Data shown |
--- --- ---
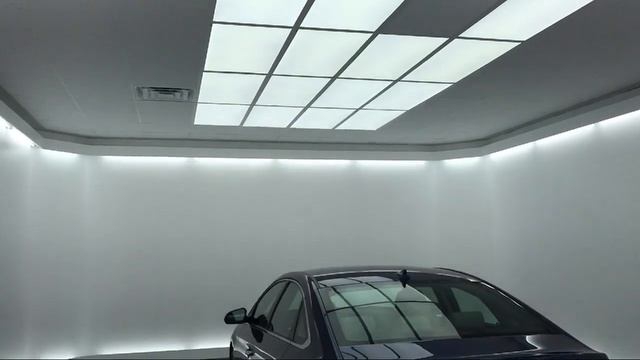 Pre-Owned Vehicle Photo & Video 2018 Hyundai Sonata смотреть онлайн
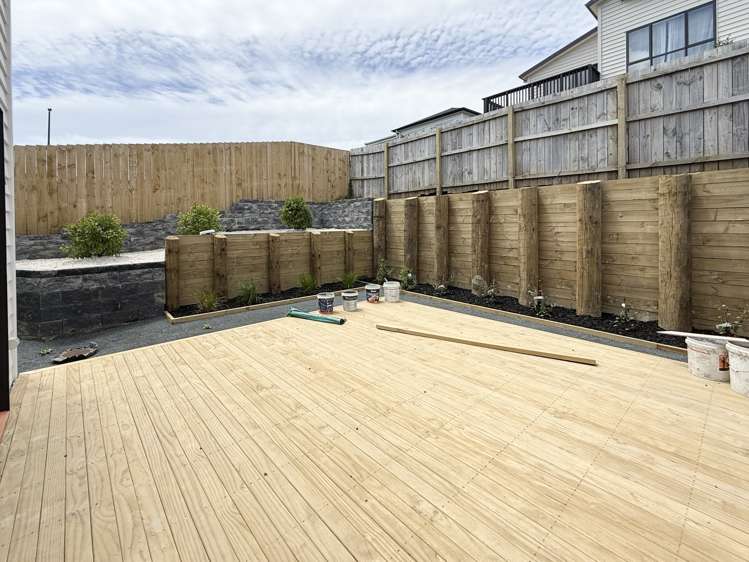 7 Whakairo Crescent Gulf Harbour_3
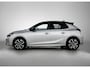 Opel Corsa 1.2 Turbo Hybrid GS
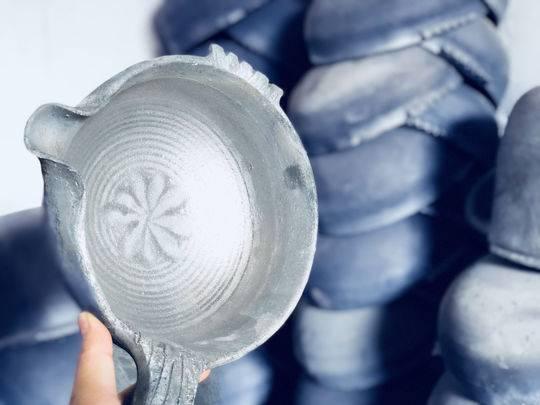 毕节石英砂制砂机哪家好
--- --- ---
Your instructions | In your copy, omit the pictures and restate every line of the data word for word.

Written response |
 Pre-Owned Vehicle Photo & Video 2018 Hyundai Sonata смотреть онлайн
 7 Whakairo Crescent Gulf Harbour_3
 Opel Corsa 1.2 Turbo Hybrid GS
 毕节石英砂制砂机哪家好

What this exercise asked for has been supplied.